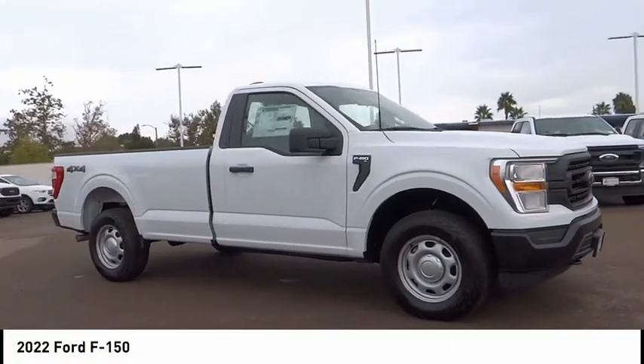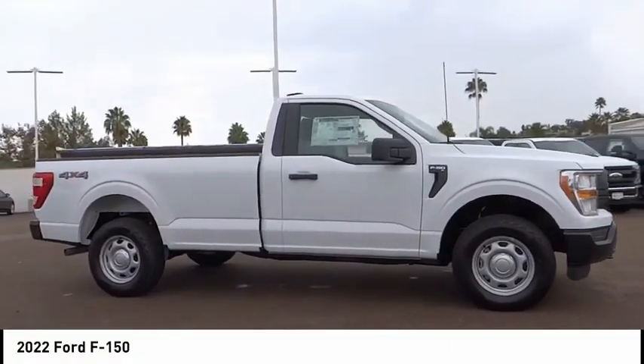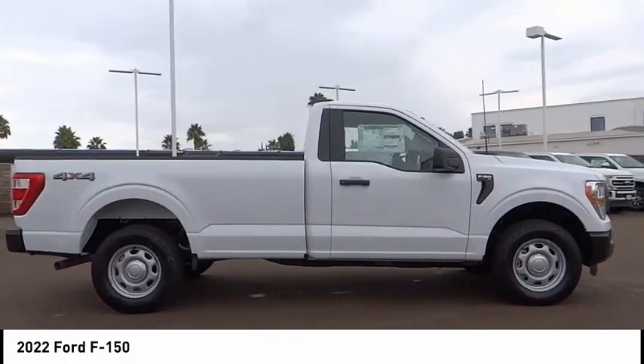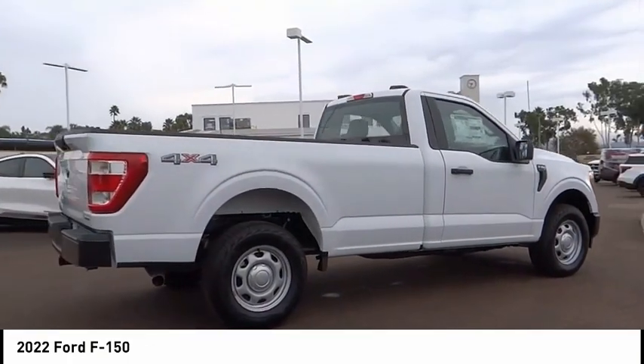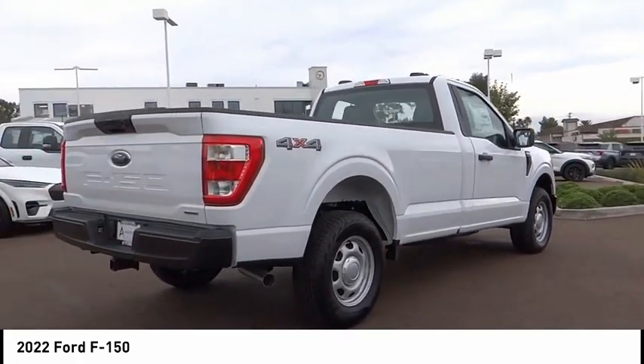Looking for the right vehicle? Check out the 2022 F-150. A Ford F-150 knows how to handle any situation. It's built to follow orders. No whining.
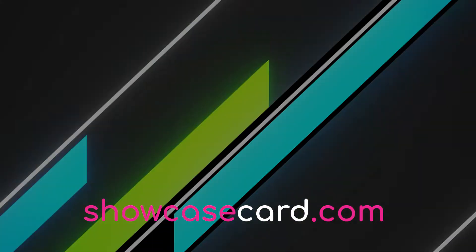Get started today at ShowcaseCard.com — or you could just try to scream louder than the next guy.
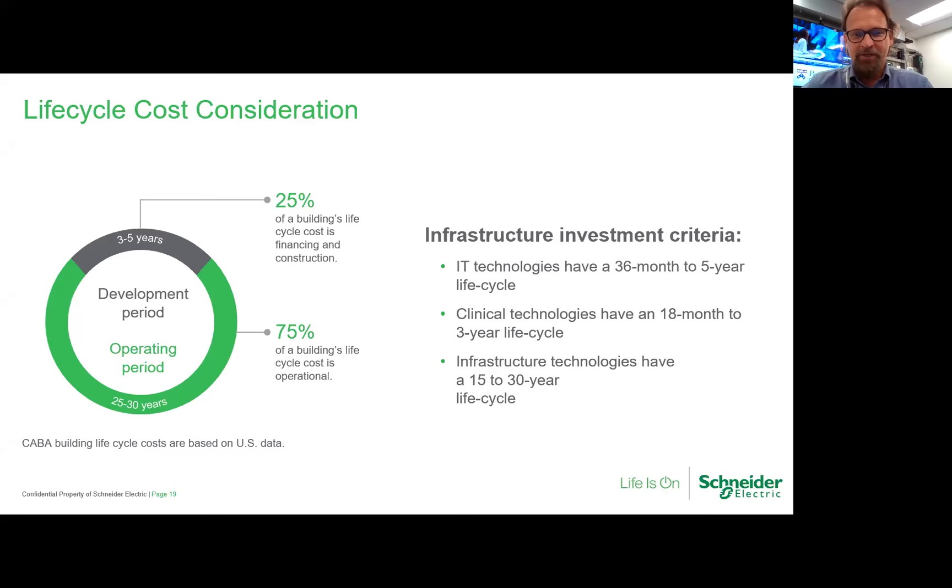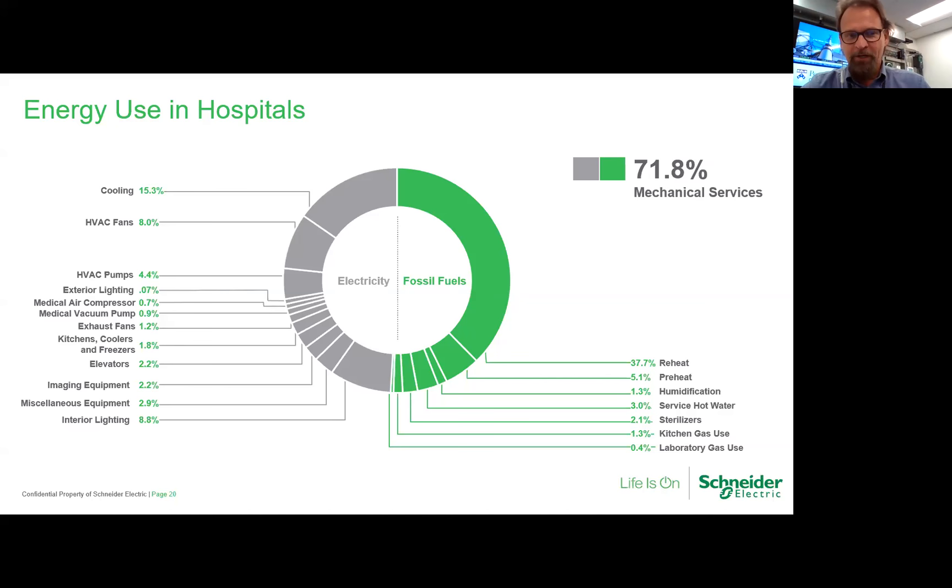Stakeholders think differently, and we want to make sure we're looking through their lenses. The next key insight aligns with ASHE Energy to Care: seventy-two percent of energy spent in hospitals is around mechanical services. Fifteen-point-three percent cools the air to remove humidity, and thirty-seven-point-seven percent goes to reheat at the room level — meaning 53% of energy is around the seven air exchanges in a patient room and 25 air exchanges in an operating theater. I've spent the last four years on the ASHRAE 170 board trying to get some of these rules changed, which were recently passed about four months ago.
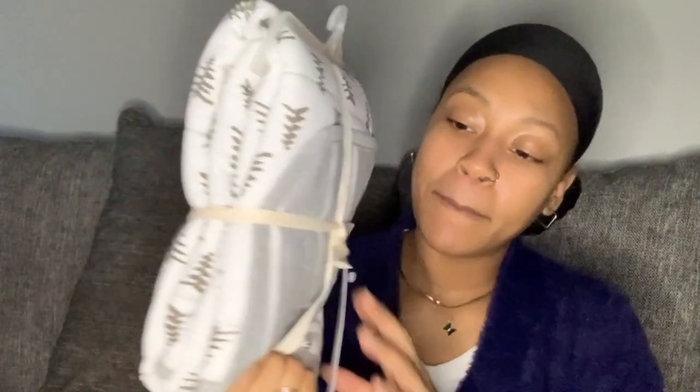I don't have any particular order for sharing these items. I'm just going to share. A lot of these items I ordered off of Amazon. I made my baby registry using Amazon and also got a few items from Target, but majority of everything is from Amazon.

——————————

-- Action item --
The lines from the one containing "Stakeholders think differently, and" through the end of the data above are to be copied exactly, both ends included, and pictures are to be omitted.

-- Answer area --
Stakeholders think differently, and we want to make sure we're looking through their lenses. The next key insight aligns with ASHE Energy to Care: seventy-two percent of energy spent in hospitals is around mechanical services. Fifteen-point-three percent cools the air to remove humidity, and thirty-seven-point-seven percent goes to reheat at the room level — meaning 53% of energy is around the seven air exchanges in a patient room and 25 air exchanges in an operating theater. I've spent the last four years on the ASHRAE 170 board trying to get some of these rules changed, which were recently passed about four months ago.
I don't have any particular order for sharing these items. I'm just going to share. A lot of these items I ordered off of Amazon. I made my baby registry using Amazon and also got a few items from Target, but majority of everything is from Amazon.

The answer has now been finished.